On commence à représenter le défunt sous forme de buste installé sur la cheminée d’une maison bourgeoise. La statue dans le jardin suffit au nanti pour évoquer le parent qui n’est plus. Des personnages en pierre suggèrent l’adieu, l’amour, une scène familiale, un enfant ou même l’animal préféré du mort. Apparaissent des réceptacles à cendres sous forme d’urnes antiques qu’on n’hésite pas à conserver dans la maison. Bien en vue.

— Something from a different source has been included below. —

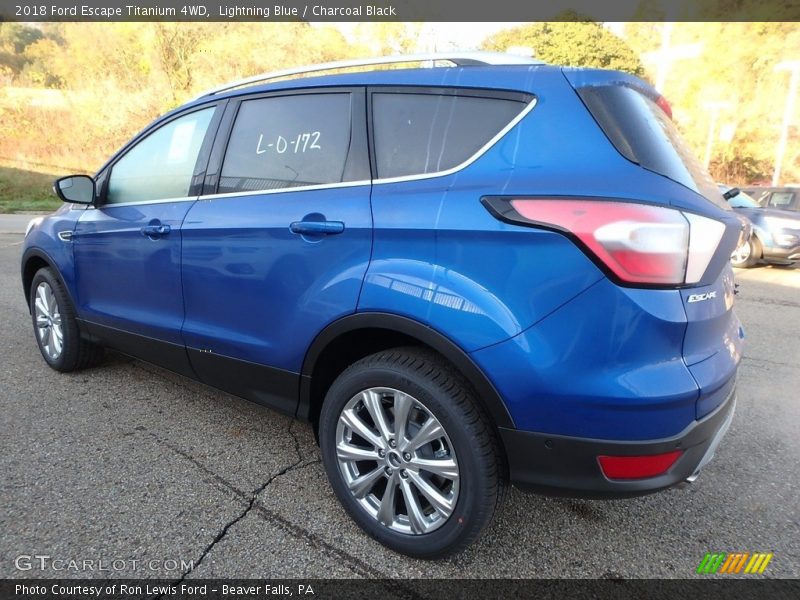 Lightning Blue / Charcoal Black 2018 Ford Escape Titanium 4WD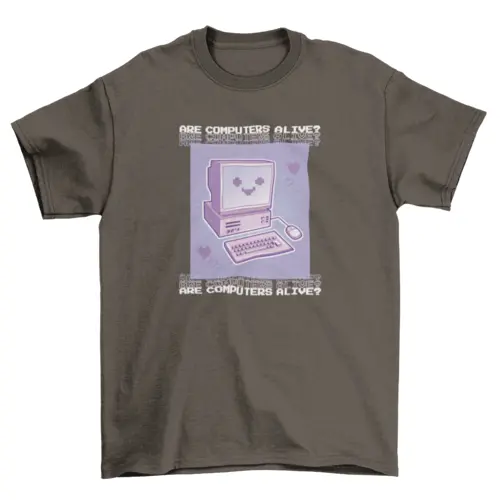 90's cute computer t-shirt design AO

Les médaillons de cheveux, bijoux faciles à porter sur soi en pendentifs, sont à la mode. Symbole de pérennité, la boucle de cheveux démontre que l’image de la mort destructrice de la beauté est avantageusement effacée par ce substitut non corruptible, esthétique et plaisant. Le métal du médaillon protège du contact physique direct. Il se veut propre.

 

Ce quelque chose de libertin, intervenu entre l’homme et la mort, montre que dorénavant Paris est prêt à chasser les milliers de cadavres qu’il renie.

Sade (1740-1814) affirme que la nature détruit pour créer, annonce l’idée que la mort n’existe que «figurativement et sans réalité». La nature ne serait donc qu’en banale transformation. Il y a dans sa théorie un caractère pervers, un penchant pour la violence mais on s’y attache peu. On ne retient que la notion de continuité qui réconforte. On a malgré tout besoin de se rassurer.

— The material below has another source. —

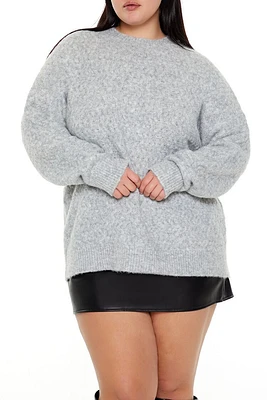 Plus Textured Drop-Sleeve Sweater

Dès lors que l’accoutumance qu’on avait du corps mort disparaît, le corps matériel perd tout intérêt et, quand faiblissent les grandes forces religieuses, quand se lézardent les structures de l’Etat, quand le culte de la Déesse Raison est sur le point de s’installer dans les coulisses de la société réactionnaire, une Révolution gigantesque est capable de rejeter ses ancêtres. Sans honte. Sans remord.

 

Paris est prêt à entendre les idées qui circulent sous le manteau et dans les cercles scientifiques. La vitrification des cadavres suggérée par P. Giraud est irréalisable : les finances de l’Etat ne peuvent en supporter le coût et la tâche serait gigantesque. Une telle solution n’est valable que pour des cas isolés. P. Giraud s’inspire en cela des idées de Becker, bien connu du Dr. Thouret de l’Académie des Sciences. Il a publié à Francfort un ouvrage intitulé Physica subterranae mais, crainte du sacrilège, il n’ose révéler son procédé de transformation du gras des cadavres. « La terre où a lieu la décomposition des hommes est vitrifiable et produit un très beau verre », dit-il.

 

P. Giraud dévoile un autre projet futuriste, une pyramide ceinte d’un mur et cachant sous sa base un four crématoire … L’incinération que dorénavant personne ne semble repousser est aussi exclue en raison de l’énormité de la masse à brûler. L’odeur serait atroce et la durée impossible à prévoir. Aucune de ces solutions ne fait l’unanimité auprès des pouvoirs publics à qui elles sont enfin soumises. Reste l’enfouissement dans des galeries de carrières qui pourraient être transformées en catacombes. ¨Pourquoi pas ? Des centaines de kilomètres sont vides. L’idée sied à la majorité et l’on se penche sur la question. On cherche. On discute. On réfléchit.